= International Monetary Fund Managing Director 2011 election =

2011 internal election for the IMF

The 2011 election for the Managing Director of the International Monetary Fund (IMF) was an election to determine the successor to IMF Managing Director Dominique Strauss-Kahn, who had resigned from the position in May 2011 following allegations that he had sexually assaulted a hotel maid. The winner of the election would serve a five-year term as the 11th Managing Director of the IMF, described as the most powerful position in the organisation. Four candidates contested the election: Agustín Carstens, Governor of the Bank of Mexico, Christine Lagarde, Minister of Finance in France, Stanley Fischer, the 8th Governor of the Bank of Israel, and Grigori Marchenko, chairman of the National Bank of Kazakhstan. The election was won by Christine Lagarde who served in the role until 2019 after being reelected by consensus in 2016.

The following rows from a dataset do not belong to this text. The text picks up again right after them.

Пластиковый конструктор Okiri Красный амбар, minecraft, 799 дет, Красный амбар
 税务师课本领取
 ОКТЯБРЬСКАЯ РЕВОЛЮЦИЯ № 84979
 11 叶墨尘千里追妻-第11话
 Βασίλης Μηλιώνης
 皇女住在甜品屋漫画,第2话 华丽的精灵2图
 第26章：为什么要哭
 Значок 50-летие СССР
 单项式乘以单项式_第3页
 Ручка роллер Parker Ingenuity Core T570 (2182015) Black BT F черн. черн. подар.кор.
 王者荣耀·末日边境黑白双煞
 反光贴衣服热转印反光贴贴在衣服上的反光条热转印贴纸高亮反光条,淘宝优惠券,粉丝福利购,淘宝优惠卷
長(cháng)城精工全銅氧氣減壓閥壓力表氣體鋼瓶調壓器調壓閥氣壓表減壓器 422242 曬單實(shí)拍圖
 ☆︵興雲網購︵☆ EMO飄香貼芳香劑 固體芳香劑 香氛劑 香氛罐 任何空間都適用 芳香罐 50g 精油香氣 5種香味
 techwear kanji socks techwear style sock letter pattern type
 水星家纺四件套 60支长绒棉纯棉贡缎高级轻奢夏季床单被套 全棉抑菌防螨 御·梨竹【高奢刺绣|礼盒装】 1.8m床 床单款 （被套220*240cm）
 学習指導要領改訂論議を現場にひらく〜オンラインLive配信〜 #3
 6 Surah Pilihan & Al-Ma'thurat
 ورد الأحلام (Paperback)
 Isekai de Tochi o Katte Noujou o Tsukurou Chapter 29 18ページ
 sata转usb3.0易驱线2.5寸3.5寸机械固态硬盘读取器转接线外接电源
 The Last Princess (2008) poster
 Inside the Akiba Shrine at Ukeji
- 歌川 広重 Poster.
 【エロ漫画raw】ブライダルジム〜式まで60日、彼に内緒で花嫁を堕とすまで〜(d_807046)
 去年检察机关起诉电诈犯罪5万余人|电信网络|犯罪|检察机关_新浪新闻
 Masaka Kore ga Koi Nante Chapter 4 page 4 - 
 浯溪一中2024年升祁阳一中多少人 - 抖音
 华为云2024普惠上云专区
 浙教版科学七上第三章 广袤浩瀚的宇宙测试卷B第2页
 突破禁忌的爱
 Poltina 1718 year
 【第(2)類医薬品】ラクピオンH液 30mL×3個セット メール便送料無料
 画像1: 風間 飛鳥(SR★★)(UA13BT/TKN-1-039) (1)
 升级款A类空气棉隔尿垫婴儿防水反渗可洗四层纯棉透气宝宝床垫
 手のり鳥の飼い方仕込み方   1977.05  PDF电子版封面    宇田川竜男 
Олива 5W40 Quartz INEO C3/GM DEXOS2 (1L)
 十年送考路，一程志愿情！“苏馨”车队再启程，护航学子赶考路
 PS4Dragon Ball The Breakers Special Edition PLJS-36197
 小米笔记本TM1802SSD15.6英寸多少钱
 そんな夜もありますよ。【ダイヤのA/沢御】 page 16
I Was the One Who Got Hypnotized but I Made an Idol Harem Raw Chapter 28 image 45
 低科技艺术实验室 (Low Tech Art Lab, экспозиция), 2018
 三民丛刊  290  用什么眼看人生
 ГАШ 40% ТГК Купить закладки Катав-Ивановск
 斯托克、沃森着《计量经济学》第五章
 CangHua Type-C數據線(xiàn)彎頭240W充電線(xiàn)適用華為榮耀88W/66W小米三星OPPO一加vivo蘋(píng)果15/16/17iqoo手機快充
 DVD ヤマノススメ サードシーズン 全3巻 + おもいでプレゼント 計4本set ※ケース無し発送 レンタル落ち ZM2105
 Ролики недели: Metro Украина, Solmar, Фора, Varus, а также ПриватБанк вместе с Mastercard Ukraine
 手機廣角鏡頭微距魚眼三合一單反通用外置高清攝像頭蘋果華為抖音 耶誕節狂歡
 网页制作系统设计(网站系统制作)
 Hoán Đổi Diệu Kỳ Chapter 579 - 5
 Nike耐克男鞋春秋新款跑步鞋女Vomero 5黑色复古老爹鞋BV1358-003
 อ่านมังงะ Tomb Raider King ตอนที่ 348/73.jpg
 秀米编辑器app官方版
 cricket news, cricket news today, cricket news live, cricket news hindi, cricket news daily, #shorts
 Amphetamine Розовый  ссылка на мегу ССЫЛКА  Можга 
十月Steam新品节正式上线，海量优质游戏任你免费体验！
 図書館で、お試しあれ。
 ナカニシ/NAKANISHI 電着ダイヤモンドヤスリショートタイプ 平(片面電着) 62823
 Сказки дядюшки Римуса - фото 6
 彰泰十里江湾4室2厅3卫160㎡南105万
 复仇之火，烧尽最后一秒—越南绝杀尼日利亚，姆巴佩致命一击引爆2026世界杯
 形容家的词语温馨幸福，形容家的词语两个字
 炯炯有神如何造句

The election saw the candidates travel internationally to gain support. Frequent criticisms leveled against the IMF gained prominence during the election. This included the "unwritten rule" that the Managing Director must be from a European country and, preferably, from a developed economy. This included a statement from the BRICS states (Brazil, Russia, India, China, and South Africa) being released, declaring that the tradition of appointing a European as the Managing Director undermined the legitimacy of the IMF and called for the appointment to be merit-based. As of 2025, no Managing Director of the IMF has ever been a non-European, and no Director came from a non-developed economy until Lagarde's successor, Kristalina Georgieva.